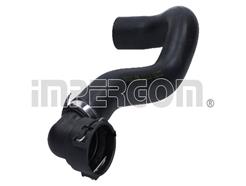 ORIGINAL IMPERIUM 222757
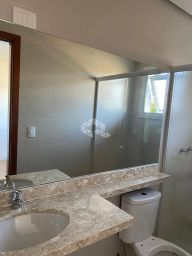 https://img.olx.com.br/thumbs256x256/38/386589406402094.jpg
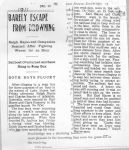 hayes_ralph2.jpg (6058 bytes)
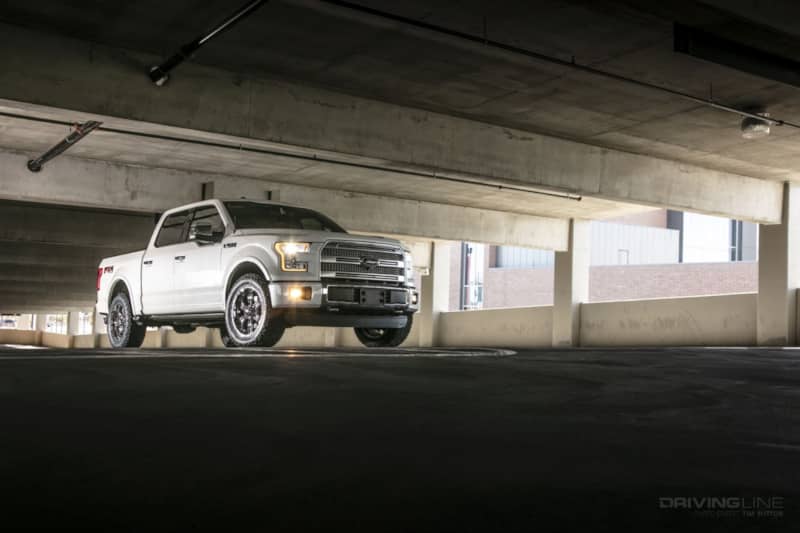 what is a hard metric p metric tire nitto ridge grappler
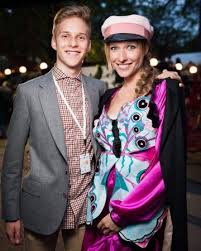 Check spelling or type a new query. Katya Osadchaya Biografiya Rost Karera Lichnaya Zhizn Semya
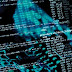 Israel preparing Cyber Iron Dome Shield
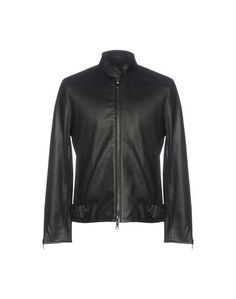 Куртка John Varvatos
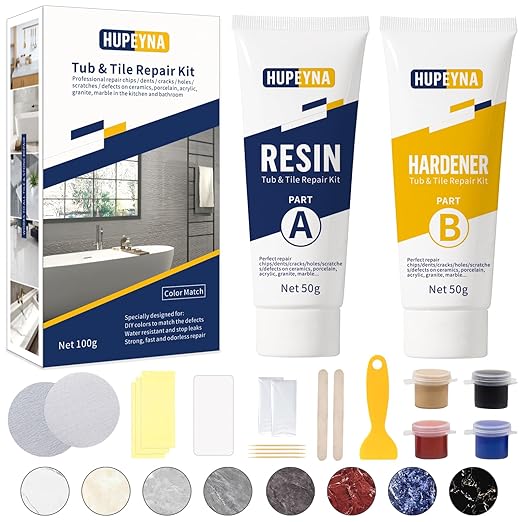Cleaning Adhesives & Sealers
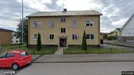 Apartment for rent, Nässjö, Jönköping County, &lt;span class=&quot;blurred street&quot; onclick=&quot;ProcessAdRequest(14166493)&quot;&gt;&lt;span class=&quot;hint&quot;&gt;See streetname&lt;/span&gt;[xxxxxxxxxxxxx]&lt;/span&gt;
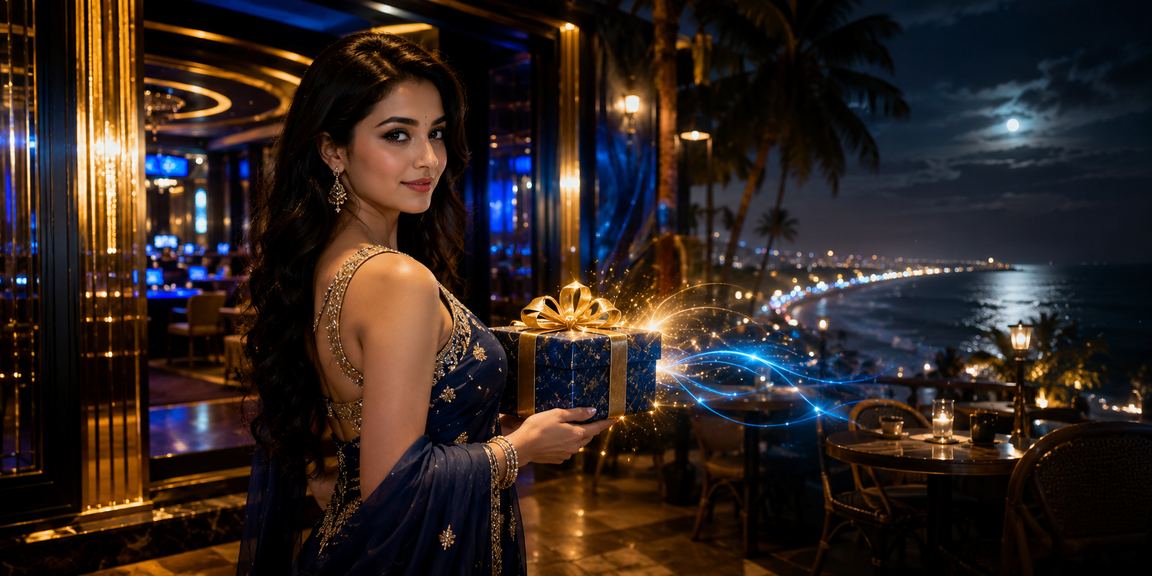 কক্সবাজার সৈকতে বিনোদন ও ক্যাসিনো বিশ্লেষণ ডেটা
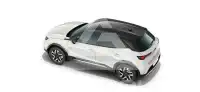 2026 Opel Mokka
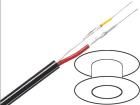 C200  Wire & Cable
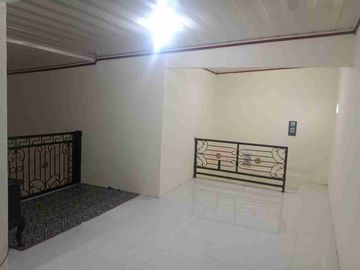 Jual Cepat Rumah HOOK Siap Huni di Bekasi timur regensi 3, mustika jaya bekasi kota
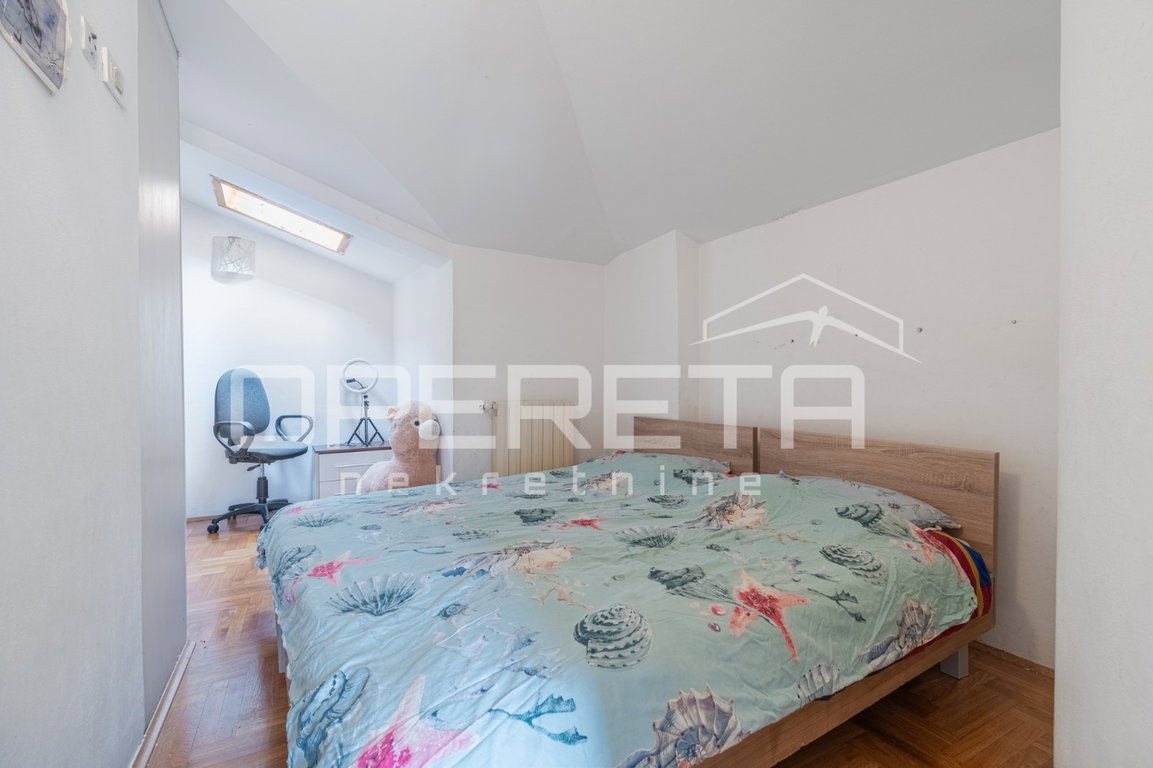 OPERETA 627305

+++++

[What needs to be done] Give back the records word for word, without their pictures.

[The completed task]
 ORIGINAL IMPERIUM 222757
 https://img.olx.com.br/thumbs256x256/38/386589406402094.jpg
 hayes_ralph2.jpg (6058 bytes)
 what is a hard metric p metric tire nitto ridge grappler
 Check spelling or type a new query. Katya Osadchaya Biografiya Rost Karera Lichnaya Zhizn Semya
 Israel preparing Cyber Iron Dome Shield
 Куртка John Varvatos
Cleaning Adhesives & Sealers
 Apartment for rent, Nässjö, Jönköping County, &lt;span class=&quot;blurred street&quot; onclick=&quot;ProcessAdRequest(14166493)&quot;&gt;&lt;span class=&quot;hint&quot;&gt;See streetname&lt;/span&gt;[xxxxxxxxxxxxx]&lt;/span&gt;
 কক্সবাজার সৈকতে বিনোদন ও ক্যাসিনো বিশ্লেষণ ডেটা
 2026 Opel Mokka
 C200  Wire & Cable
 Jual Cepat Rumah HOOK Siap Huni di Bekasi timur regensi 3, mustika jaya bekasi kota
 OPERETA 627305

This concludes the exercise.